Quote:
Originally Posted by arzlan
The problem is that it wants to do this with over twice as many bluff combos as value hands.
This kind of spot has been posted as an example of Snowie's weirdness and generally unbalanced river play several times in the thread. I think it's mostly just a sample size problem, due to the way Snowie trained, as Frogman mentioned. During its "reinforcement learning" phase, it just can't have experienced every possible action sequence with every possible combo vs every other possible combo in order that the river EV is correct.
It's not like with a solver, where you have the exact ranges - and frequencies with which each combo appears at that decision point - and let the software calculate a near-GTO solution. Snowie had to "play" billions of hands against "random" opponents. On that particular runout, it must have done quite well with its bluff shoves, so it kept doing them, but it did badly with its calls of shoves vs the agents it trained against. The game of poker is just too big for a neural network to have found solutions for every river card on every board vs every possible "random" strategy.

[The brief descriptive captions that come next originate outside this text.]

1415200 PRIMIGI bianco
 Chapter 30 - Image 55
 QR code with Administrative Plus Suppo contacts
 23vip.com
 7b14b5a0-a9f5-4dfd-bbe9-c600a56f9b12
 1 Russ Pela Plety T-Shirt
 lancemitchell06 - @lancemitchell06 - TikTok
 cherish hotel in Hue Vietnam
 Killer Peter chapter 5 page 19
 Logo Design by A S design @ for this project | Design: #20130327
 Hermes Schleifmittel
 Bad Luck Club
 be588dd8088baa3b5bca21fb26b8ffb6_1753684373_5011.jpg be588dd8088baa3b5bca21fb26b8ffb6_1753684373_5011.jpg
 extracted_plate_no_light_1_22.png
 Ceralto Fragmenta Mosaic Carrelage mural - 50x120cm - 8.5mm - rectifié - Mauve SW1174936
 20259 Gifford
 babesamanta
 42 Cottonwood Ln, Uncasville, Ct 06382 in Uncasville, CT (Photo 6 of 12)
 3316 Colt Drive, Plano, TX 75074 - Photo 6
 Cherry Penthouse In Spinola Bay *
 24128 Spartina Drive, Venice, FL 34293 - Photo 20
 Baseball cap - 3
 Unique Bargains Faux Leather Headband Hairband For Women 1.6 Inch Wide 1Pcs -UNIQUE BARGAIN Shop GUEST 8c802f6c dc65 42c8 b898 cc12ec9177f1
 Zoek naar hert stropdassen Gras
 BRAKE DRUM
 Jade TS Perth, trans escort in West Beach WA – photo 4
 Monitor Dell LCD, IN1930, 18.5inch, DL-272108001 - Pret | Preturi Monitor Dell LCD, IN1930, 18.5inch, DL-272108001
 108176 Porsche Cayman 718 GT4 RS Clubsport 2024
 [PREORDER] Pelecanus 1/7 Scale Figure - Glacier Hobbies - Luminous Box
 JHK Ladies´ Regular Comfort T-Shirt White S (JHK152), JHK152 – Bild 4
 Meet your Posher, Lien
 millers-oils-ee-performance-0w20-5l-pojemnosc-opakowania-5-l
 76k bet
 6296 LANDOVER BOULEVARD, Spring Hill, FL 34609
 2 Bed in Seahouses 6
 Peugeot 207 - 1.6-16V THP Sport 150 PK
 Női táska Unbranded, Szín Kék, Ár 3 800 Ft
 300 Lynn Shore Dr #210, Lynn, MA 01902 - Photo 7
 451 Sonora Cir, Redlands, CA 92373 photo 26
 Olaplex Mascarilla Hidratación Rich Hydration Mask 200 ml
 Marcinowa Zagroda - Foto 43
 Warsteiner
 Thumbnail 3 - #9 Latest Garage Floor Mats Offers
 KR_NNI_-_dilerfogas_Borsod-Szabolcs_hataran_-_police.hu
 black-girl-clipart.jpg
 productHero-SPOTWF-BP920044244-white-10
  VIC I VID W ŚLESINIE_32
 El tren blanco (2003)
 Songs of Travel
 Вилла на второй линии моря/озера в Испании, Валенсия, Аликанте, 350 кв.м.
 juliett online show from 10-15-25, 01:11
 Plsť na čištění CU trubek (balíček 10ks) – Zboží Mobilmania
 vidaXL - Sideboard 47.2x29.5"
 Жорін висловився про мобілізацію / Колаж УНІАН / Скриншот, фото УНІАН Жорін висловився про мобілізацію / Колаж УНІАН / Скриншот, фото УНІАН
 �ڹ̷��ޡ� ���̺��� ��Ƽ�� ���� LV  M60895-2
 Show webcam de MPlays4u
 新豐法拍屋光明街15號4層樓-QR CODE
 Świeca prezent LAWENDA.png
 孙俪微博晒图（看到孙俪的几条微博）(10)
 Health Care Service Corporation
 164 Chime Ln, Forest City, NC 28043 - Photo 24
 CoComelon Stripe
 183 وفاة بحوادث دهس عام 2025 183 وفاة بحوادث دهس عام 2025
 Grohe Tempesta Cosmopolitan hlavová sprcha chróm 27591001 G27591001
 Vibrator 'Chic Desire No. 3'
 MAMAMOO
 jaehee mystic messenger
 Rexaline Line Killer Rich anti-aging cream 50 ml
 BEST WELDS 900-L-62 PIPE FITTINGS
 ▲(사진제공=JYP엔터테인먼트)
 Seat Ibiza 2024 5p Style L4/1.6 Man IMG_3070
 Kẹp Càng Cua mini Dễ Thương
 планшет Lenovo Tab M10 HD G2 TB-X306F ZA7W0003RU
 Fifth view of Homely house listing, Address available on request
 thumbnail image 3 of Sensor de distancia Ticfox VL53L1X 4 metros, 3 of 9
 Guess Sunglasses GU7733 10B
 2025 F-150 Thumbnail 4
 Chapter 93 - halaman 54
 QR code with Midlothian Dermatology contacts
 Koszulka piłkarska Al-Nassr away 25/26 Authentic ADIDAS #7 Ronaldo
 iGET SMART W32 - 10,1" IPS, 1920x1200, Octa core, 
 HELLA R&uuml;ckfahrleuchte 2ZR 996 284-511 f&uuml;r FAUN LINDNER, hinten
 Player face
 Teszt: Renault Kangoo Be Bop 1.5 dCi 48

As has been said before, you can use Snowie to draw some general conclusions about optimal ranges, particularly on the earlier streets where Snowie's EV estimation is a bit more trustworthy too, but its river play is sometimes quite weird/wrong, and the numbers don't "add up".
Don't lose sleep over its percentages being unbalanced in one specific spot imo. You're unlikely to ever have that exact runout (and those exact combos) in real life. (If it came up again, you could 'exploit' Snowie by calling wide, but in other spots that look quite similar, you might find Snowie is considerably under-bluffing. Snowie's "mistakes" probably kind of even out in the long run.)